We looked at drugs (or combination of drugs) that aim to correct the basic defect for the commonest mutation (F508del) that causes cystic fibrosis (CF). We assessed the impact on clinical outcomes that are important to people with CF (e.g., survival, quality of life, lung function and safety).
The CF gene makes a protein that has important function in many parts of the body by helping the movement of salts across cells. People with CF are either not able to make this protein or make a protein that is defective. A common mutation of the CF gene is F508del and over 80% of people with CF have at least one copy of this gene variant. When the CF gene is affected by F508del, a full length of protein is made but it is not able to move through the cell correctly. Laboratory experiments suggest that if this protein can be transported to the cell wall then it may be able to function, restore salt movement and correct the chronic problems experienced by people with CF. We examined a number of agents that might correct the F508del mutation.

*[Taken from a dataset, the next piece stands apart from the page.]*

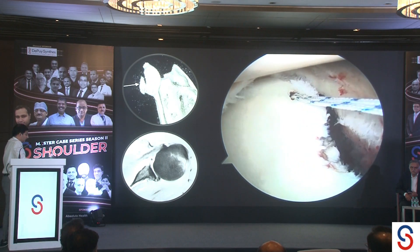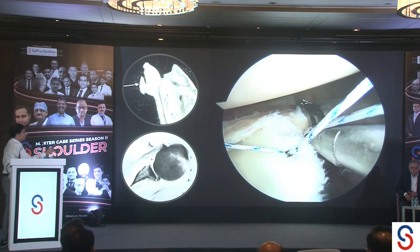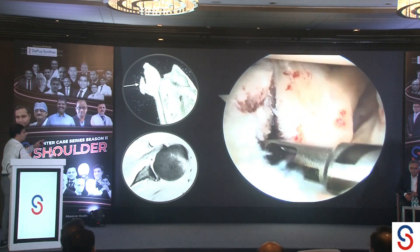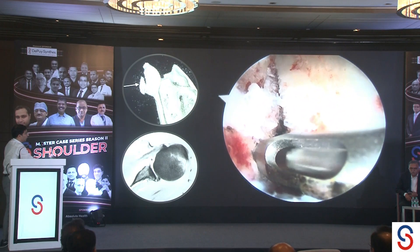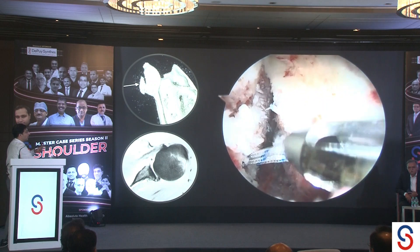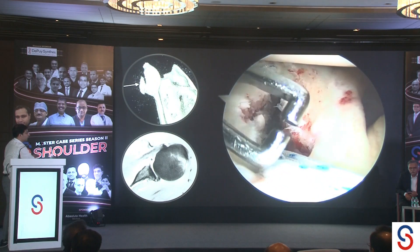This is an all-suture anchor placed about a millimeter off the face. The first bite goes through the labrum just below the bone junction, allowing an indirect reduction — this suture will bring the fragment up. You don't want to tie it down at this stage because you still need to place the medial row anchor. Using the curved device through the same portal, I place my anchor on the crater on the medial aspect. With a straight delivery device this would be very difficult and would require an additional subscapular portal, but with the curved device everything goes through the rotator interval.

Evidence is current to: 24 February 2018.
We included 13 studies (2215 children and adults with CF) which lasted between 1 day and 24 weeks (with an extension study of two studies up to 96 weeks). Seven studies (317 participants) looked at single agents (monotherapy: 4PBA (also known as Buphenyl), CPX, lumacaftor and cavosonstat) versus placebo (a dummy treatment containing no active medicine) and six recent studies (1898 participants) assessed combination therapy (lumacaftor-ivacaftor or tezacaftor-ivacaftor) versus placebo. In 12 studies participants had two copies of the F508del mutation and in one study they had one F508del mutation and a second different mutation.

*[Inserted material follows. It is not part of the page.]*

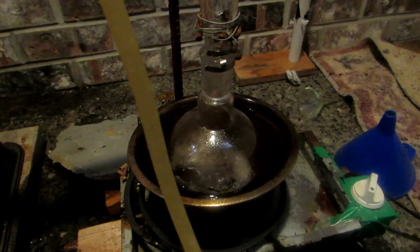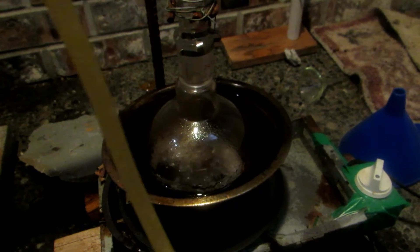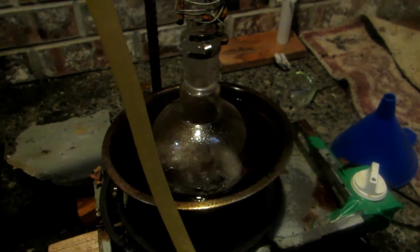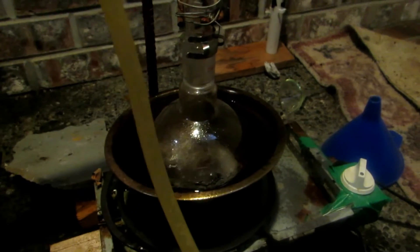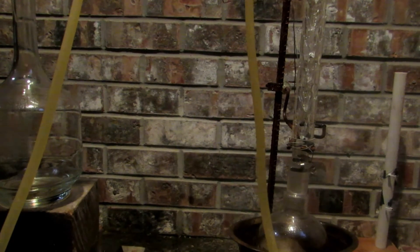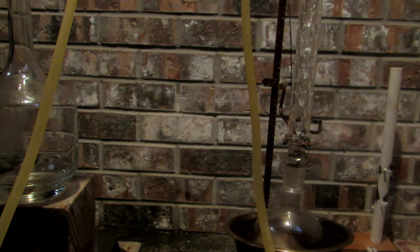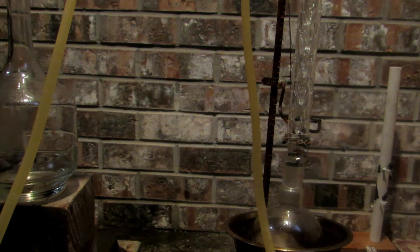It should be noted that all of the polymer that was holding the gel together has come out as a very thick, viscous substance. I really hope I can get it out of the round-bottom flask, but I want to collect everything from it. The temperature is currently at about 50°C, so as soon as it hits 65°C I will swap to another receiving flask and collect the methanol layer.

Monotherapy versus placebo
These studies did not report any deaths or any clinically relevant improvements in quality of life scores. There was not enough evidence to show an effect on lung function. Side effects were reported in all studies, but it is difficult to assess their relevance due to the range of effects and the small number of participants in the studies.

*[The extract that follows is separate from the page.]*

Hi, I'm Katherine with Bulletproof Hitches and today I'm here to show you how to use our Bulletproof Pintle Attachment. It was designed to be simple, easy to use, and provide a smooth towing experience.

Combination therapy versus placebo
No deaths were reported in either the lumacaftor-ivacaftor or tezacaftor-ivacaftor studies in people with two copies of the F508del mutation and there were improvements in quality of life and lung function. Rates of pulmonary exacerbations (a flare up of symptoms) were also lower. Neither combination therapy was associated with severe side effects, although people on lumacaftor-ivacaftor regularly experienced shortness of breath for one to two weeks at the start of treatment, which usually resolved without further intervention. Of more concern was that in longer studies some people receiving lumacaftor-ivacaftor experienced a rise in blood pressure; of these, two people (out of more than 500 who received the combination in these studies) discontinued lumacaftor-ivacaftor treatment because of high blood pressure. These side effects were not reported for the tezacaftor-ivacaftor combination. Tezacaftor-ivacaftor therapy has not yet been assessed in children with CF younger than 12 years of age.
Quality of the evidence
We judged the overall quality of the evidence for the outcomes measured to vary from low to high. Study design was generally poorly reported, which did not allow us to make clear judgements on any potential bias, but we had fewer concerns with the six larger and more recent studies. We did find that some results were omitted from the analysis or not reported in seven studies. Some findings were based on single studies that were too small to show important effects and for five studies the results may not be applicable to all individuals with CF due to the ages of people recruited into the studies (i.e. adults only, children only) or an unusual design used in which people receive monotherapy and then combination therapy.